DATASET ENTRIES »
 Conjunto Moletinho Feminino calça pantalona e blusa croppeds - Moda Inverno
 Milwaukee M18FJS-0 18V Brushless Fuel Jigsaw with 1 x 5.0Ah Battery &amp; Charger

...

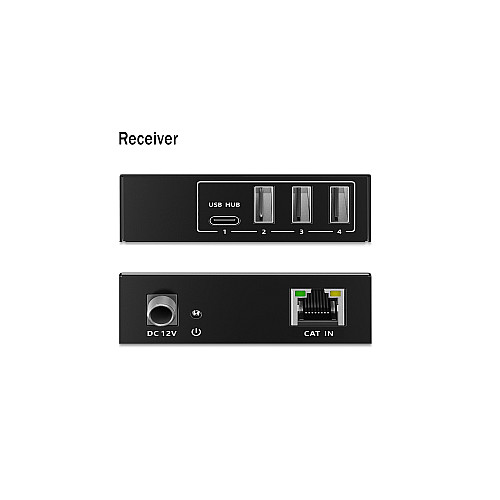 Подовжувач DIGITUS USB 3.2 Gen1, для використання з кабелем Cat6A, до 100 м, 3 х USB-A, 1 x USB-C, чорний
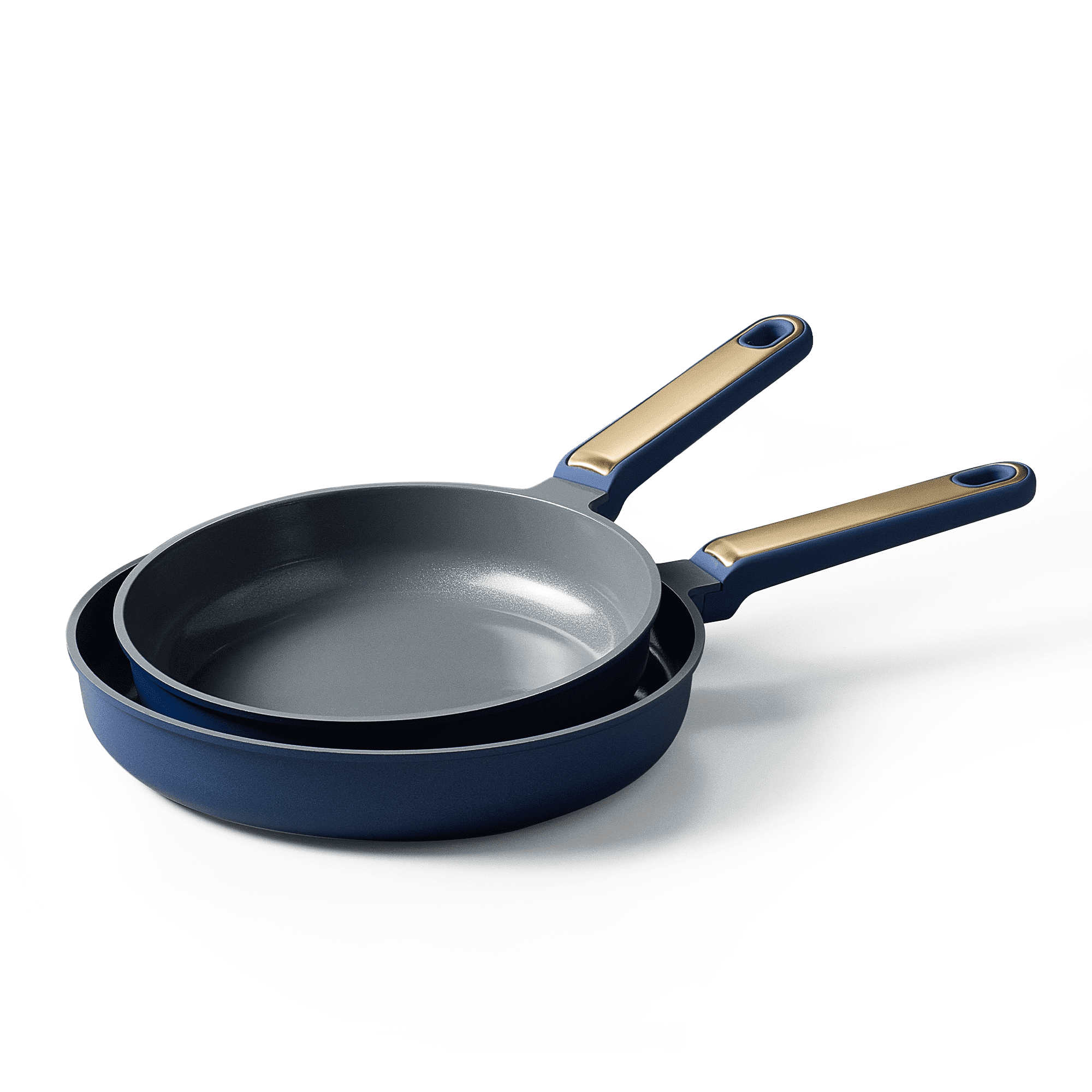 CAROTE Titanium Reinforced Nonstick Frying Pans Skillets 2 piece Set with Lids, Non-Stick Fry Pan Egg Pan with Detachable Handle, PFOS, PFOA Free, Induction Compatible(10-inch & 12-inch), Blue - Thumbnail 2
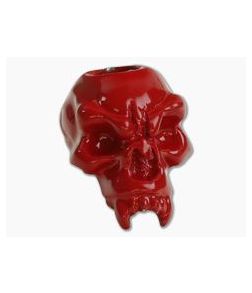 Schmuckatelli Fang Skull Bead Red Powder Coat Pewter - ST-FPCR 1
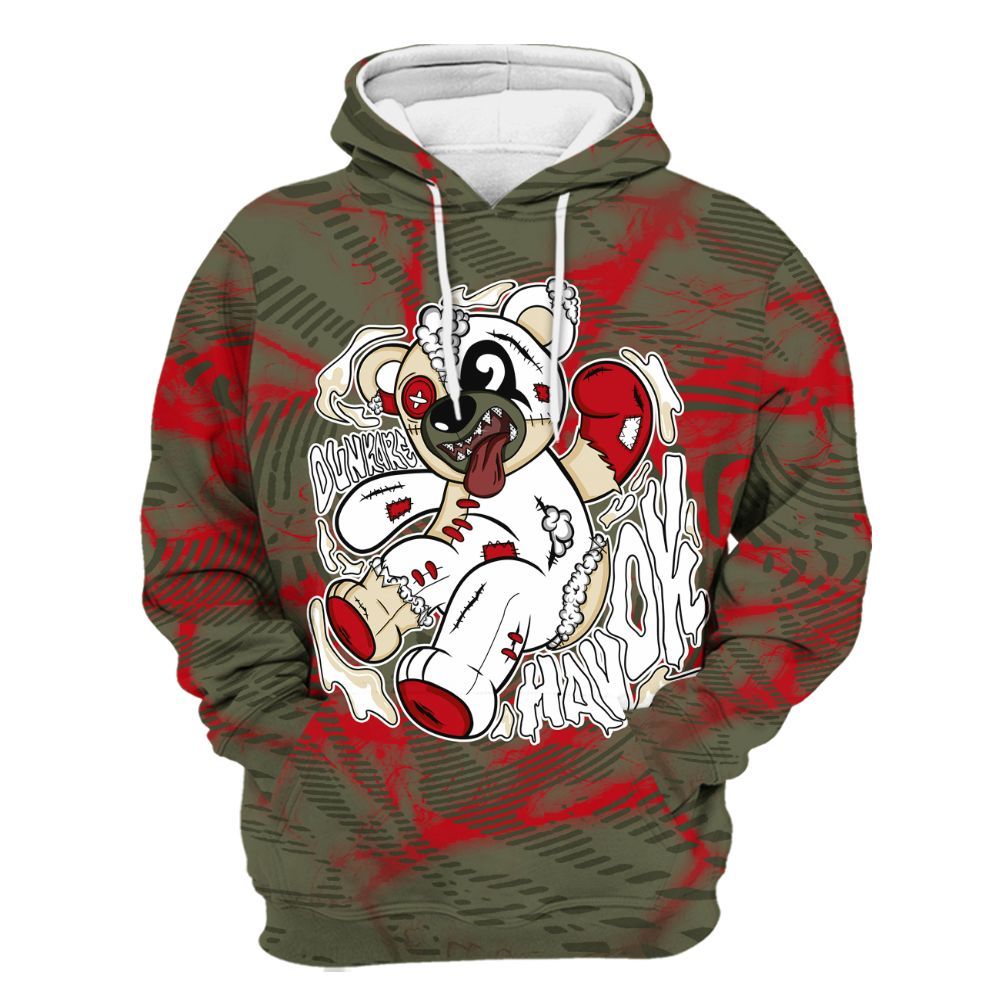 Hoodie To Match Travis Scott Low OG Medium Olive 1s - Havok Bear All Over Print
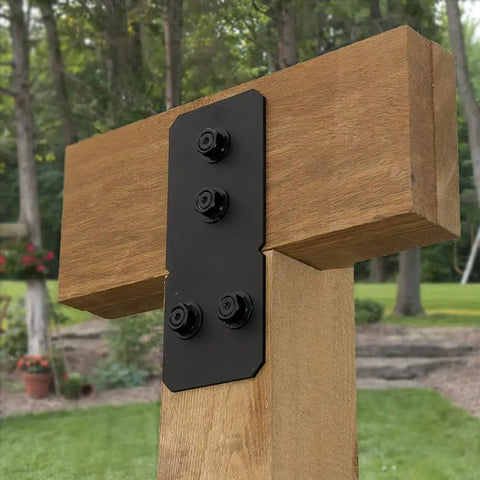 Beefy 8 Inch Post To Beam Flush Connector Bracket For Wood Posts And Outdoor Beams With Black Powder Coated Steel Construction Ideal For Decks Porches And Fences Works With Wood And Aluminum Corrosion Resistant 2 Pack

WHAT NEEDS TO BE DONE » Only one stretch of the data above is needed. Restate it word for word, from the line containing "Conjunto Moletinho Feminino" through the line containing "Milwaukee M18FJS-0 18V", both ends included.

RESULT »
 Conjunto Moletinho Feminino calça pantalona e blusa croppeds - Moda Inverno
 Milwaukee M18FJS-0 18V Brushless Fuel Jigsaw with 1 x 5.0Ah Battery &amp; Charger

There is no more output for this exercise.